Violência policial em Parnaíba é ofuscada por anúncio de câmeras nas ruas
Enquanto a violência explode em plena luz do dia — e em frente às câmeras — o anúncio de um investimento milionário em vigilância digital surge em Parnaíba como uma névoa espessa: bonita de se ver, mas que pouco ajuda a enxergar o que realmente importa. Nem um pio sobre o caso que ganhou repercussão nacional.

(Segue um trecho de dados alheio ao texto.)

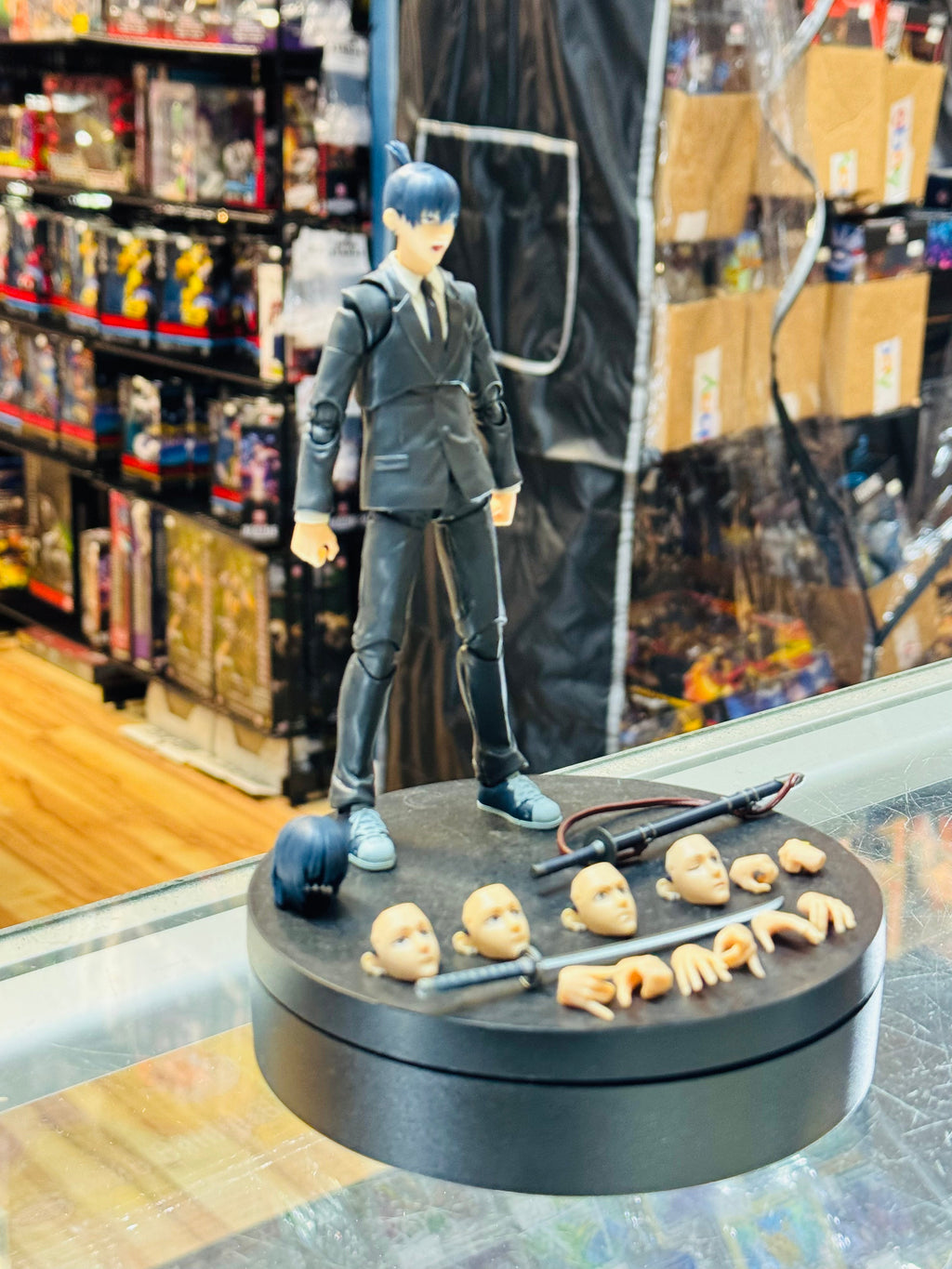 Aki (Bandai SH Figuarts, Chainsaw Man) *INCOMPLETE* product image 5, provided for visual reference and product detail review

Na última terça-feira (15), o secretário de Segurança do Estado, Chico Lucas, anunciou com entusiasmo a instalação de 1.200 câmeras de alta tecnologia em Teresina e Parnaíba. Trata-se do chamado SPIA — Sistema de Policiamento por Inteligência Artificial — com recursos de R$ 31 milhões. O projeto promete reconhecimento facial, leitura de placas, sensores com alcance de até dois quilômetros e conexão em tempo real com as centrais policiais.
É, sem dúvida, uma iniciativa moderna. Mas há perguntas no ar — ou melhor, no asfalto quente de Parnaíba.

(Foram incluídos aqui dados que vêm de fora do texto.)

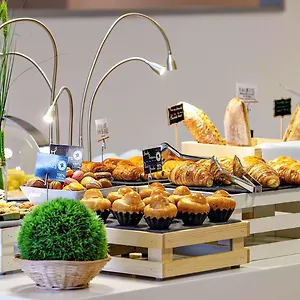 Hotel Mercure Vaugirard Porte De Versailles, París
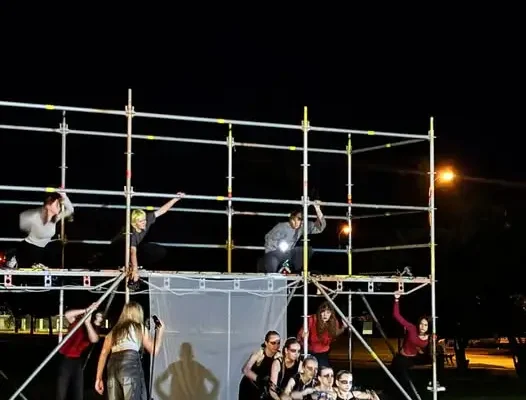 Spektakl GENERATIO w Wągrowcu: teatr uliczny połączył pokolenia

Dois dias antes do anúncio, um jovem borracheiro foi brutalmente agredido por três policiais militares da cidade. A abordagem, flagrada por uma câmera (dessas que já existem, veja bem), mostra socos, chutes, arma apontada e até um "mata-leão". A vítima sequer resistiu: estava comprando algo em um comércio local, de capacete, como proteção contra o sol. Um detalhe que, aparentemente, bastou para justificar a truculência.
A ação foi filmada. Os policiais foram afastados. E o caso virou manchete nacional. Mas do alto do novo projeto de vigilância, nada se ouviu — até agora — do secretário de Segurança sobre essa violência específica. Nenhuma nota, nenhuma fala pública, nenhum gesto.
As câmeras vêm. A inteligência artificial também. Mas a inteligência institucional de olhar para os excessos da própria tropa... essa ainda parece estar em fase de testes.
Não se questiona aqui a importância da tecnologia. O que se questiona é a hierarquia das urgências. Para um cidadão que sofre violência do próprio Estado, de que adianta mais câmeras se o problema está justamente em quem deveria protegê-lo?
O silêncio institucional diante de episódios como esse ecoa mais alto que qualquer sirene. Porque não se trata apenas de vigiar o povo — mas de garantir que o povo também seja protegido, inclusive (e principalmente) da arbitrariedade.
No fim, a pergunta permanece: as novas câmeras vão gravar também a violência de farda? Ou servirão apenas para criar belos relatórios e manchetes esperançosas — enquanto a realidade, esta sim em alta definição, continua sendo ignorada?